An article published in Experimental Biology and Medicine (Volume 246, Issue 5, March, 2021) (https://journals.sagepub.com/doi/pdf/10.1177/1535370220969844) reports a new therapeutic option for preventing long-term damage to the heart after a heart attack. The study, led by Dr. Y. James Kang, in the Regenerative Medicine Research Center at Sichuan University in Chengdu (China) and the Memphis Institute of Regenerative Medicine at the University of Tennessee Health Science Center in Memphis, TN (USA), reports that inhibition of the copper chaperone COMMD1 blocks myocardial injury and maintains heart function in a mouse model of myocardial ischemia.
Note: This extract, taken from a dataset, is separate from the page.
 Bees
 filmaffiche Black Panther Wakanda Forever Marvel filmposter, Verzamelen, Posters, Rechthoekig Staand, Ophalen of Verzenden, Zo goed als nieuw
Heart attack not only causes instant chest pain and discomfort but also leads to a long-term ischemic injury to the heart that can result in a heart failure. In the process of myocardial ischemic infarction, an essential trace element copper is pushed out from the heart. Previous studies have demonstrated that repletion of copper to the copper-deficient ischemic heart can repair the damaged heart and facilitate recovery of heart function. Therefore, it is possible that preventing copper efflux from the heart after ischemic injury would block long-term damage to the heart. Before this treatment option can be evaluated, the following questions must be answered: how is copper exported from the heart, and how can copper efflux from the ischemic heart be prevented?

In this study, Kang and colleagues examined the role of the intracellular copper chaperone COMMD1 in a mouse model of myocardial ischemia. Genetic deletion of the COMMD1 gene in the heart blocked copper loss from the heart after ischemic insult. Importantly, prevention of copper loss from the heart remarkably suppressed heart tissue death and preserved heart function. Dr. Kang said "We are excited to answer a long-lasting question related to copper loss from the heart under ischemic conditions, an observation that was made more than two decades ago. With the solving of this puzzle, we are moving forward towards an alternative approach to the treatment of patients with ischemic heart disease."

Dr. Steven R. Goodman, Editor-in-Chief of Experimental Biology & Medicine, said, "Dr. Kang and colleagues have provided elegant studies demonstrating that cardiomyocyte-specific conditional deletion of the copper chaperone protein COMMD1 significantly prevents copper loss in the ischemic myocardium, leading to preservation of myocardial contractile function. This offers the possibility that modulation of COMMD1 may provide a new therapeutic target for the treatment of myocardial ischemic injury."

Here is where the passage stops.